Work instructions
Set down a true copy of the data, with all pictures left out.

Information supplied
_ _ _
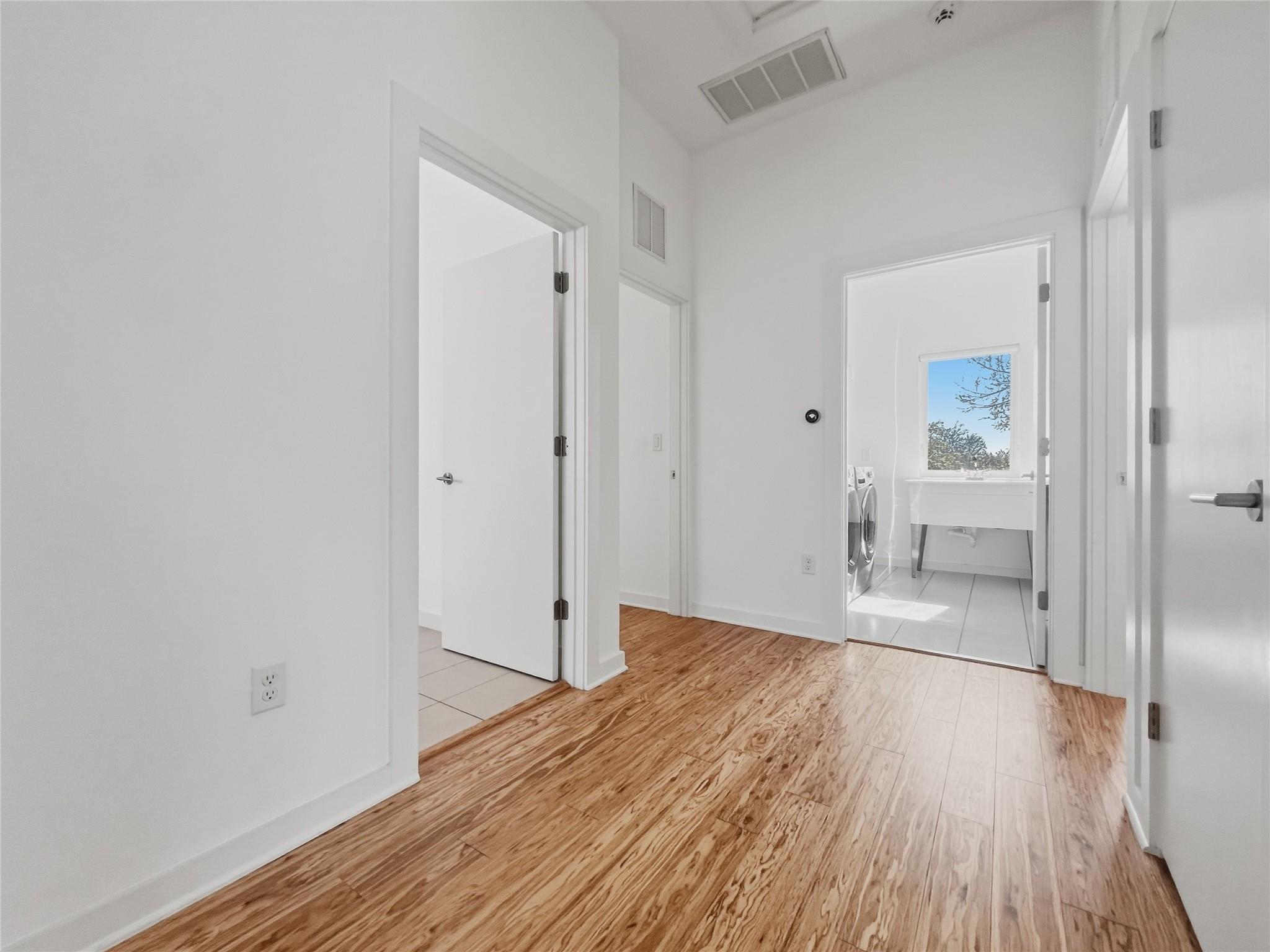 5501 Link Ave # A, Austin, TX 78751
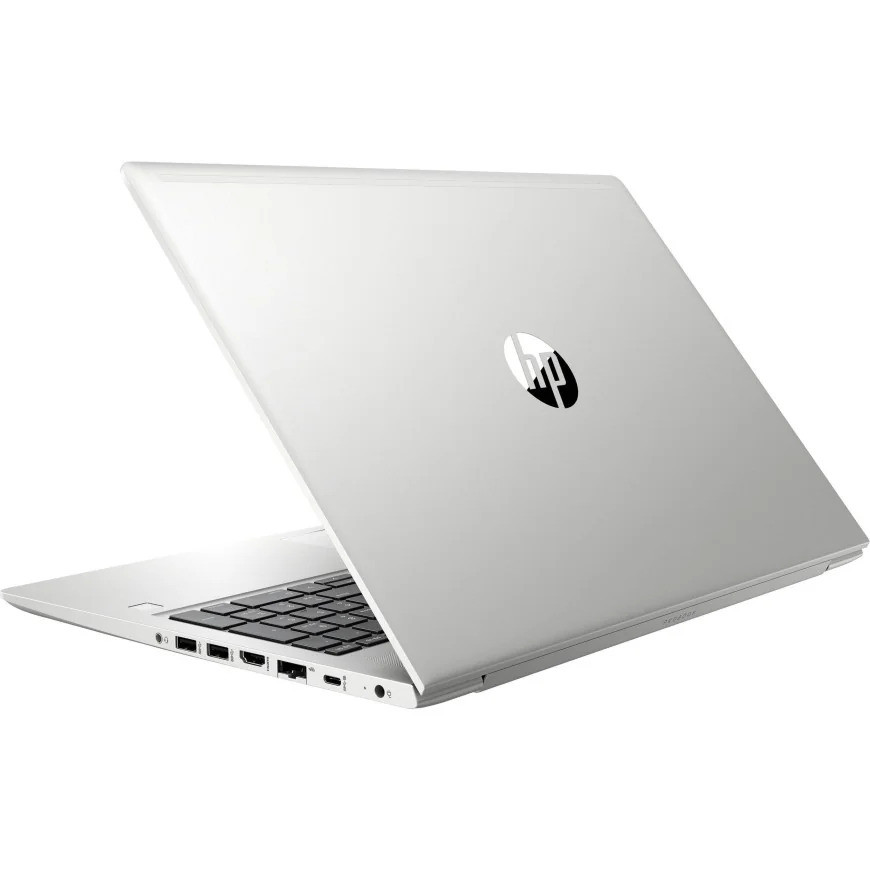 PC portable HP ProBook 450 G7 (8VU87EA)
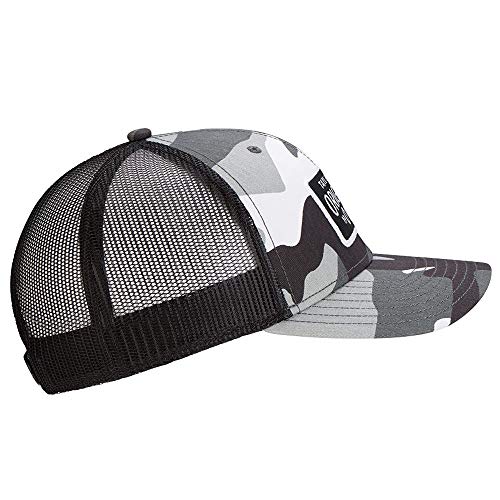 Image of Taylormade Unisex Adult Lifestyle Truck Hat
_ _ _
Answer section
 5501 Link Ave # A, Austin, TX 78751
 PC portable HP ProBook 450 G7 (8VU87EA)
 Image of Taylormade Unisex Adult Lifestyle Truck Hat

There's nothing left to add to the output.